The 65-Year-Old UX Designer

The 65-Year-Old UX Designer

A 65-year-old UX designer lands in your hiring inbox. What do you do?

Regret to inform

You could be blunt and blurt out something like you’re looking for someone with a bit less mileage on the clock. You don’t want to be rude, so you politely mask it with a watered-down response:

Thank you very much for your application for the UX design position.

After very careful consideration, I regret to inform you that, on this occasion, your application was not successful.

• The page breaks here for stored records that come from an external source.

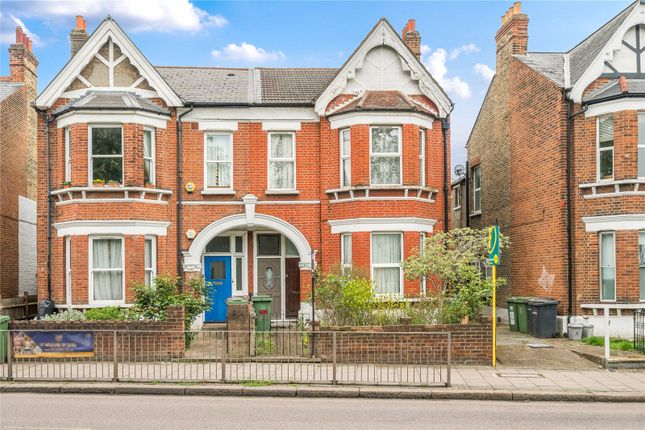 Brockley Rise, London 2 bed apartment for sale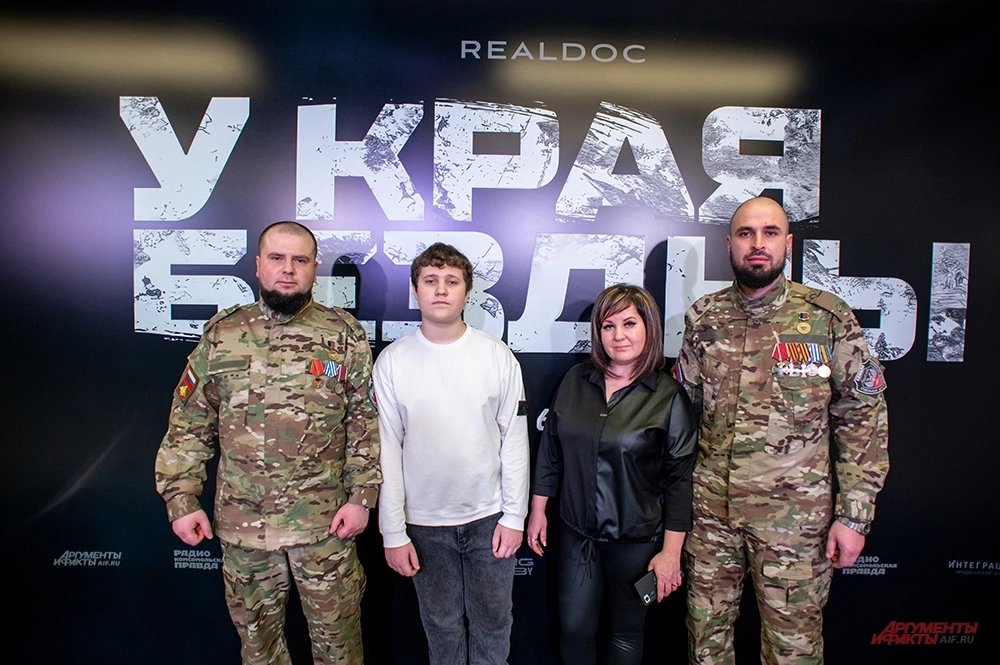 Екатерина Галактионова с младшим сыном, Циган, Хасан.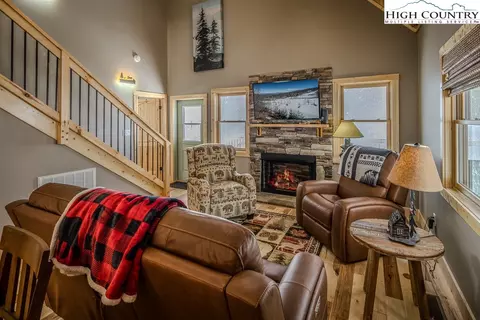 609 Beech Mountain Pkwy, Beech Mountain, NC 28604 photo 14
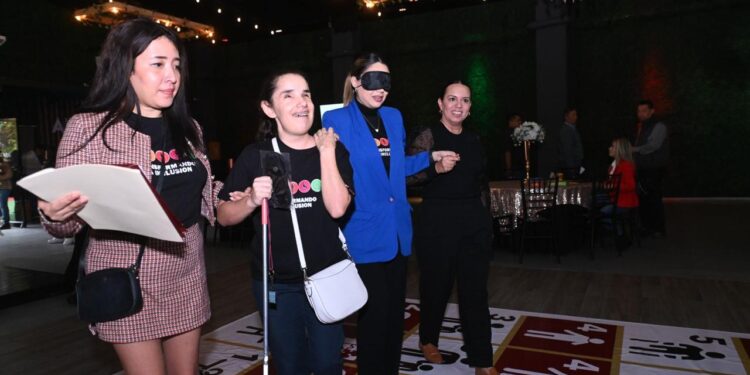 Convoca Lucy de Gattás a promover la inclusión de personas con discapacidad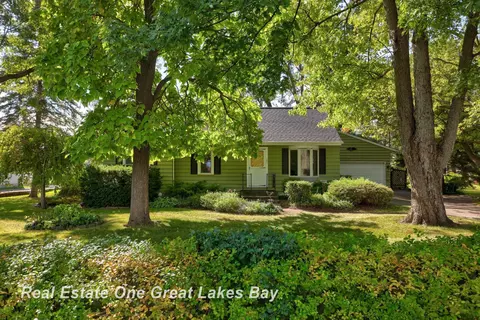 1891 W Moore, Saginaw, MI 48601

May I take this opportunity to thank you for the interest you have shown and wish you every success in finding a suitable position.

Blah, blah, blah.

The truth is that you were too shallow to see that even though Tod is a 65-year-old UX designer, he is an amplifier to your design maturity.

Luckily, no one is that short-sighted. You are intrigued by this odd happening and decide to proceed with a screening call. 

Set up a screening call

It’s odd to have Tod on a screening call. Is he senior because he’s 65 or because he’s got decades of design experience? 

The call is slightly awkward because he’s old enough to be your dad, nevertheless, you soldier on and ask where he sees himself in 10 years from now. “Shit,” you think, “that was a dumb question.” You gulped and wait for a response. 

Tod, appreciating your rooky mistake, play along with a humourous reply, “Well, I could be dead of old-age but hopefully not.” 

You both chuckle. 

Despite the 30 year age gap, the rest of the interview goes relatively well. Tod speaks with confidence, which you, admittedly, find quite intimidating.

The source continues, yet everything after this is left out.